You are viewing a plain text version of this content. The canonical link for it is here.
Posted to commits@lucene.apache.org by ho...@apache.org on 2016/03/01 18:07:17 UTC
[34/50] [abbrv] lucene-solr git commit: SOLR-445: have to dedup
remote DBQ errors because it's a broadcast to all leaders.
SOLR-445: have to dedup remote DBQ errors because it's a broadcast to all leaders.
Project: http://git-wip-us.apache.org/repos/asf/lucene-solr/repo
Commit: http://git-wip-us.apache.org/repos/asf/lucene-solr/commit/cffca39c
Tree: http://git-wip-us.apache.org/repos/asf/lucene-solr/tree/cffca39c
Diff: http://git-wip-us.apache.org/repos/asf/lucene-solr/diff/cffca39c
Branch: refs/heads/jira/SOLR-445
Commit: cffca39cb8c84c24065b724d46806bf800834431
Parents: 7fd9d2e
Author: Chris Hostetter <ho...@apache.org>
Authored: Mon Feb 29 16:10:11 2016 -0700
Committer: Chris Hostetter <ho...@apache.org>
Committed: Mon Feb 29 16:10:11 2016 -0700
----------------------------------------------------------------------
.../processor/TolerantUpdateProcessor.java | 59 +++++++++++++++++---
1 file changed, 52 insertions(+), 7 deletions(-)

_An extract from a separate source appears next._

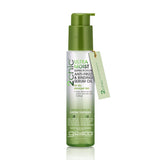A green and white bottle of Giovanni Cosmetics 2chic® ULTRA-MOIST SUPER POTION ANTI-FRIZZ & BINDING SERUM OIL for dry or damaged hair, with avocado oil, a pump dispenser, and a neck tag.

----------------------------------------------------------------------
http://git-wip-us.apache.org/repos/asf/lucene-solr/blob/cffca39c/solr/core/src/java/org/apache/solr/update/processor/TolerantUpdateProcessor.java
----------------------------------------------------------------------
diff --git a/solr/core/src/java/org/apache/solr/update/processor/TolerantUpdateProcessor.java b/solr/core/src/java/org/apache/solr/update/processor/TolerantUpdateProcessor.java
index 68be135..a325420 100644
--- a/solr/core/src/java/org/apache/solr/update/processor/TolerantUpdateProcessor.java
+++ b/solr/core/src/java/org/apache/solr/update/processor/TolerantUpdateProcessor.java
@@ -18,8 +18,10 @@ package org.apache.solr.update.processor;
import java.io.IOException;
import java.util.ArrayList;
+import java.util.HashSet;
import java.util.List;
import java.util.Locale;
+import java.util.Set;
import org.apache.lucene.util.BytesRef;
@@ -94,6 +96,27 @@ public class TolerantUpdateProcessor extends UpdateRequestProcessor {
*/
private final List<KnownErr> knownErrors = new ArrayList<KnownErr>();
+ // Kludge: Because deleteByQuery updates are forwarded to every leader, we can get identical
+ // errors reported by every leader for the same underlying problem.
+ //
+ // It would be nice if we could cleanly handle the unlikely (but possible) situation of an
+ // update stream that includes multiple identical DBQs, with identical failures, and
+ // to report each one once, for example...
+ // add: id#1
+ // dbq: foo:bar
+ // add: id#2
+ // add: id#3
+ // dbq: foo:bar
+ //
+ // ...but i can't figure out a way to accurately identify & return duplicate
+ // KnownErrs from duplicate identical underlying requests w/o erroneously returning identical
+ // KnownErrs for the *same* underlying request but from diff shards.
+ //
+ // So as a kludge, we keep track of them for deduping against identical remote failures
+ //
+ // :nocommit: probably need to use this for "commit" as well?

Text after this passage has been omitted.